Penguin Group Canada has released Ling Zhang’s novel Gold Mountain Blues in spite of lingering plagiarism allegations. Three Canadian authors are calling for an independent review of similarities between the novel and content in some of their books to settle the matter.

Penguin says it has already done the review and is satisfied that the allegations, first made by a blogger in China where the book was first published, are unfounded. ”We hired Nicky Harman, a highly respected Chinese-to-English translator with extensive experience translating Chinese literature (see, e.g., )to read all of the materials and to provide a report of her findings. She reported back that the only similarities are certain plot elements and character types that are common to works about the Chinese immigrant community. Penguin promptly made these findings public.”

Penguin’s statement added that “in a further demonstration of transparency” in late August, the staff sent advance copies of the English translation of Gold Mountain Blues to the authors in question – Wayson Choy, Sky Lee and Paul Yee.

The authors hadn’t been able to comment before because they couldn’t read the Chinese version. May Cheng, the lawyer representing them, says they asked Penguin to delay release of the book pending the results of an independent review. But Penguin told PW the books have already been shipped to bookstores.

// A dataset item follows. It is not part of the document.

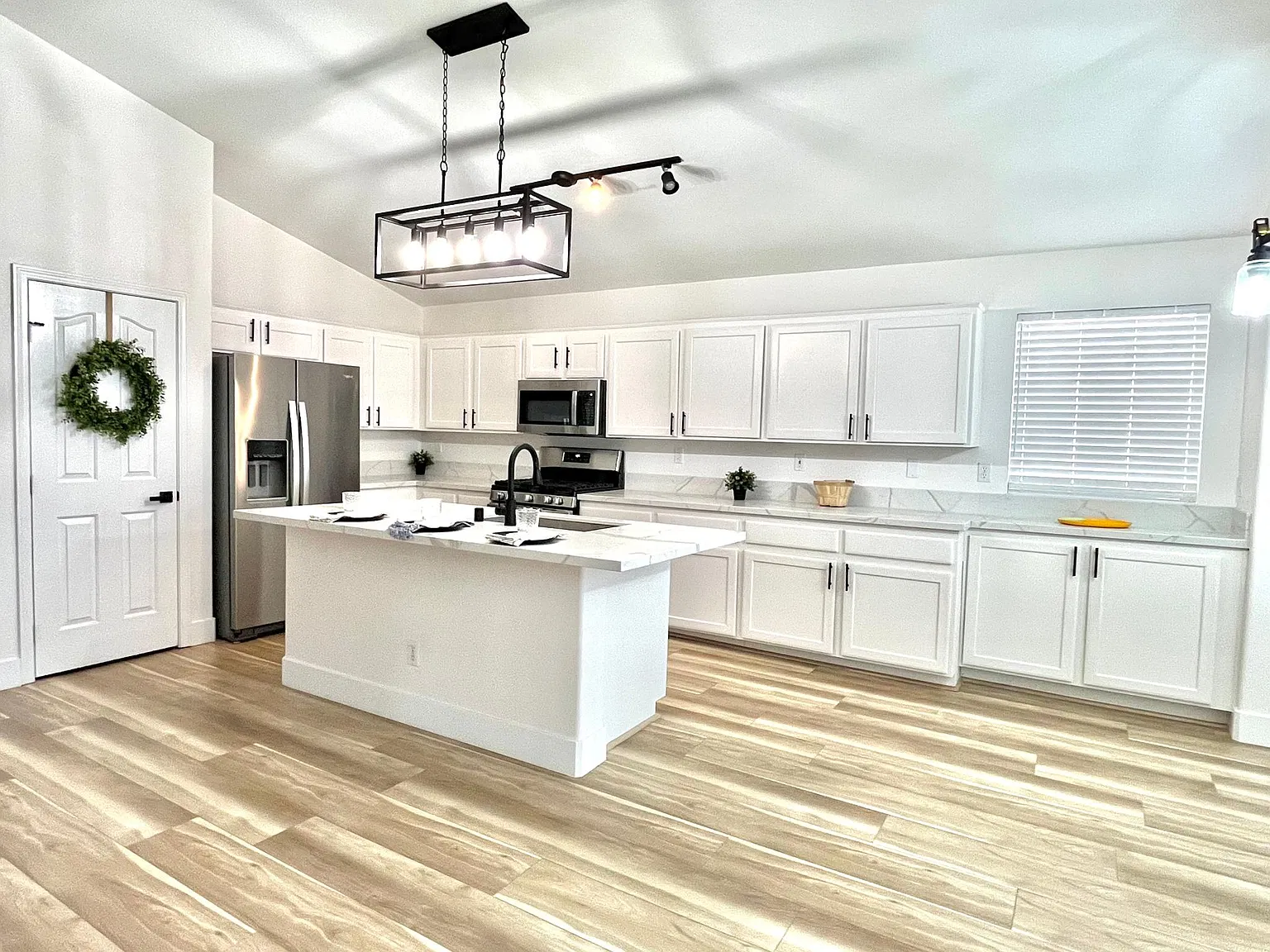 5 bed, 2911 sqft, $3,200 — Photo 2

Another point of contention is that Harman was the translator of the book. What the other authors want is an independent, third-party review. “We want to be reasonable,” Yee told PW. “We want to clear the air. A lot of words have been exchanged, accusations, allegations, and we just want to have an independent expert to take an objective look and say yes it is or no it isn’t.”

Zhang, best known for her book Aftershock, which was made into a blockbuster Chinese movie in 2010, issued her own comments via Penguin.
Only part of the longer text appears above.